"Uni", ela murmurou em voz alta, pois o nome do brinquedo surgiu em sua língua antes que sua mente tivesse sequer entrado em ação.
Então, de repente, teve uma sensação familiar de turbilhão, uma que não sentia há muito tempo. Ela estava deslizando de volta ao passado, em suas memórias.
Os flashbacks começaram assim que ela retornou pela primeira vez à pousada. Eles eram aterrorizantes no começo, memórias assustadoras, como a noite em que Charlotte morrera e as discussões furiosas entre os pais dela. Mas então, com o passar do tempo, enquanto processava essas memórias reprimidas, Emily começou a experimentar algumas das mais agradáveis. Tempos em que ela e Charlotte brincaram juntas; sem preocupação. Aquela lembrança encheu Emily de uma sensação de calma, e ela sabia que seria agradável.
Ela e Charlotte estavam no sótão, em um dos cômodos que seu pai enchera de objetos antigos. No chão, ao lado delas, havia um globo de bronze, e Charlotte estava girando-o com um dedo. Sentado ao lado de Charlotte estava Uni, o lindo unicórnio. Novo em folha, fofo, rosa, com um chifre de lantejoulas.
"Uni está triste", disse Charlotte a Emily.
"Por quê?" Emily perguntou, curiosamente, ouvindo a voz de uma criança saindo de sua garganta.
"Porque ela é o último unicórnio que existe", explicou Charlotte. "Ela não tem outros amigos unicórnios."
"Isso é triste", Emily respondeu. "Talvez fosse bom levá-la em uma aventura para fazê-la se sentir melhor?"
Charlotte pareceu se animar com a sugestão. "Aonde você quer ir, Uni?" ela perguntou a seu brinquedo. Então, girou o globo dourado e parou com um dedo apontado. Era uma pequena ilha a leste do continente americano. "Uni quer ir para uma ilha", Charlotte disse a Emily.
Emily assentiu. "Nesse caso, é melhor entrarmos no barco".
Elas puxaram velhas cadeiras e mesinhas de centro, perturbando a poeira e agitando o cheiro de mofo, então, arrumaram-nas de uma forma parecida com um barco. Usaram uma cortina surrada como vela e subiram em sua embarcação com Uni.
Emily quase podia sentir o vento em seus cabelos enquanto navegavam pelo oceano até uma praia distante. Charlotte usou um caleidoscópio como telescópio, examinando o sótão como se estivesse à procura de algo.
"Terra à vista!" gritou de repente.
Emily jogou a âncora — que, na verdade, era um cabide de madeira amarrado a uma corda de cortina. Então, saltaram do barco e nadaram até a praia.
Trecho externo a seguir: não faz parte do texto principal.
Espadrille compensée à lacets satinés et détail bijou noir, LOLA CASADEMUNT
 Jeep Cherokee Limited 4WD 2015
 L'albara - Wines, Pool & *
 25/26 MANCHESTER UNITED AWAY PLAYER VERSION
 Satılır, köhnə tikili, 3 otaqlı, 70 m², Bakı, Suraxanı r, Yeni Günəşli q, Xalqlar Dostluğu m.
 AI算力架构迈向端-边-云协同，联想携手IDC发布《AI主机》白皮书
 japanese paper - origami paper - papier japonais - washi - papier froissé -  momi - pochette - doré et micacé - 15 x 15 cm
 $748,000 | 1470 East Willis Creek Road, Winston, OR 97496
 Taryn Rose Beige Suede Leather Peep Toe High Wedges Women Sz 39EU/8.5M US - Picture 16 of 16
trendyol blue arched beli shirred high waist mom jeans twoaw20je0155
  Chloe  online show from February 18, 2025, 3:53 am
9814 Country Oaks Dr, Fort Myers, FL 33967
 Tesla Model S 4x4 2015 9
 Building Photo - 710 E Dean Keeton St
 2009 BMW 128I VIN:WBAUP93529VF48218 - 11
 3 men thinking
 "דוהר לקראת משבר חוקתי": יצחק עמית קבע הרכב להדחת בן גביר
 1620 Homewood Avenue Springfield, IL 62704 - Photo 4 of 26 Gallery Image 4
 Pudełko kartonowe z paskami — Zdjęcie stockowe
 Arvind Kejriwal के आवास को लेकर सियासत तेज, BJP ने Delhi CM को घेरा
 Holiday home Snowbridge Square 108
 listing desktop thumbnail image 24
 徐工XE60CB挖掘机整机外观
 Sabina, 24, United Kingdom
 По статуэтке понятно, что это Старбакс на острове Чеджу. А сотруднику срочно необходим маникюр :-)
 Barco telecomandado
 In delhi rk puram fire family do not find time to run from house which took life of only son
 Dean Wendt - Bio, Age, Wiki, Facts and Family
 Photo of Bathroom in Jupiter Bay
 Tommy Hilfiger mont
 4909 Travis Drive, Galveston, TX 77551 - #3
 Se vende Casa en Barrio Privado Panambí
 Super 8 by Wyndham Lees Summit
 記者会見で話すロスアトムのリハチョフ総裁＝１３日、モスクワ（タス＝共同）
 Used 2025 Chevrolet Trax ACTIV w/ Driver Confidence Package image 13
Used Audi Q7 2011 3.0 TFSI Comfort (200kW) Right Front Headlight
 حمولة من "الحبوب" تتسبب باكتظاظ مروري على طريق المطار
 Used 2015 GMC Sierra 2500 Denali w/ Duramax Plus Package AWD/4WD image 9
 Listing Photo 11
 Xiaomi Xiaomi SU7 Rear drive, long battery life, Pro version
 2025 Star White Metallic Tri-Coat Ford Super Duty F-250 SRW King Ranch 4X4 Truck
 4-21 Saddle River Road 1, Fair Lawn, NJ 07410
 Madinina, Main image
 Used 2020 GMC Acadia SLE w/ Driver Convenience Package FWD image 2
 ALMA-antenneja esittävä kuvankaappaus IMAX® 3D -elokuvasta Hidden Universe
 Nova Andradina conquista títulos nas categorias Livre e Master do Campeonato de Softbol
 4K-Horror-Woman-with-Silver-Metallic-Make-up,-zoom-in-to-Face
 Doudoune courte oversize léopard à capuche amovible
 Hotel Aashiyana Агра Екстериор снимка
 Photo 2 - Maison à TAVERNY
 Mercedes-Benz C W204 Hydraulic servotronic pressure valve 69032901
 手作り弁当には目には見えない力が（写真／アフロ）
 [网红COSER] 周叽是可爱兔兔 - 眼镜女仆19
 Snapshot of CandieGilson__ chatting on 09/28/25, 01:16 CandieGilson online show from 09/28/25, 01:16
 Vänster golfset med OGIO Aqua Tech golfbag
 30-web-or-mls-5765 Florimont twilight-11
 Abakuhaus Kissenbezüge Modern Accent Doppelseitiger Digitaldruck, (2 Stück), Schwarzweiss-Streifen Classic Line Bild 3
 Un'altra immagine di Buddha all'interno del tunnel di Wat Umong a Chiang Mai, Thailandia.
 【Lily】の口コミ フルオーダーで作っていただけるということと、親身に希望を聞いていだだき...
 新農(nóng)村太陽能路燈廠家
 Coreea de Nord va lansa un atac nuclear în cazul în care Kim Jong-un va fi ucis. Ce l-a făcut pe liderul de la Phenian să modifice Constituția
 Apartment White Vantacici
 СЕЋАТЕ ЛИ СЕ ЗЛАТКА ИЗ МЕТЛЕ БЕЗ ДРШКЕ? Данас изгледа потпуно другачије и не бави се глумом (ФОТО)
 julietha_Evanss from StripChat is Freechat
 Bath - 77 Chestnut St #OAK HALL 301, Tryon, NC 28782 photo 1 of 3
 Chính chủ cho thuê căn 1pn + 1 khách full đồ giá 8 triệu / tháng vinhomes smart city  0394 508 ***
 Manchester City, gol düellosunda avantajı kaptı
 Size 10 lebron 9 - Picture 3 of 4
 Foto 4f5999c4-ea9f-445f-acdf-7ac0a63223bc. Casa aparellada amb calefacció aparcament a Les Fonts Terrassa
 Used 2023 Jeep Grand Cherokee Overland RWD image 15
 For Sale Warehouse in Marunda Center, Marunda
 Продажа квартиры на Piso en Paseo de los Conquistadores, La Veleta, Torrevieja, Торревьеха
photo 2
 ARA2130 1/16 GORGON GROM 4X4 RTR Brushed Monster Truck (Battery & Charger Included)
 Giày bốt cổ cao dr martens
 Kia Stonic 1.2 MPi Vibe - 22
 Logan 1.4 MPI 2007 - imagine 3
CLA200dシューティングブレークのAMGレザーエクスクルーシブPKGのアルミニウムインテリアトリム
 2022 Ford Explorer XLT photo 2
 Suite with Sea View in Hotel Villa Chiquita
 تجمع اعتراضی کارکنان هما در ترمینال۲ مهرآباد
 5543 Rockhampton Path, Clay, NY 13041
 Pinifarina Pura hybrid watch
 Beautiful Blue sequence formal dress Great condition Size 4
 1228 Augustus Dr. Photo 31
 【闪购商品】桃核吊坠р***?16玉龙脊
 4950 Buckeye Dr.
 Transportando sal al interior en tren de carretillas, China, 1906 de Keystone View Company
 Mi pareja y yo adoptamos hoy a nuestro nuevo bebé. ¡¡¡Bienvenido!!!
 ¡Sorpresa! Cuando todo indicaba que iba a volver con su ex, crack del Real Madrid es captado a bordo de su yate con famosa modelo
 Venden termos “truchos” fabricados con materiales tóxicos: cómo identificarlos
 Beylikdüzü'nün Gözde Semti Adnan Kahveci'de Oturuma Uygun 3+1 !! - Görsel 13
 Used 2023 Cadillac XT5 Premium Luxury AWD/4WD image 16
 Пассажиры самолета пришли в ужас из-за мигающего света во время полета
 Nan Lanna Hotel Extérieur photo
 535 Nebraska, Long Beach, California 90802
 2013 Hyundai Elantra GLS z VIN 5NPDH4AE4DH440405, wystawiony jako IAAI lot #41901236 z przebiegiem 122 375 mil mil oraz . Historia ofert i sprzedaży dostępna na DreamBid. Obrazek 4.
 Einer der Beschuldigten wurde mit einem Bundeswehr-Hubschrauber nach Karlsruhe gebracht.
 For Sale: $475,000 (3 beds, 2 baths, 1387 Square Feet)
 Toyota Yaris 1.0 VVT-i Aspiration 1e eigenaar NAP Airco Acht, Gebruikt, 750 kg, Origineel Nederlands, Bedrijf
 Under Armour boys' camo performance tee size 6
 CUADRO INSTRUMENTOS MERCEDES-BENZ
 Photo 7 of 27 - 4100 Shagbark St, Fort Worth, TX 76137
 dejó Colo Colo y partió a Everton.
Ofegando pelo esforço, as duas meninas começaram a explorar a ilha, espiando por entre as pilhas de antiguidades, fingindo que era um vulcão.
"Olhe aqui", Charlotte gritou para Emily. "Lá no fundo do vulcão!"
Emily espiou atrás do suporte de chapéus para o qual Charlotte apontava. "Não acredito!" ela exclamou, entrando na brincadeira.
Os olhos de Charlotte estavam arregalados. "São os outros unicórnios", ela disse. Então, falou apressadamente com Uni. Ela ficou triste. "Uni quer descer pelo vulcão, para ficar com eles", ela falou para Emily.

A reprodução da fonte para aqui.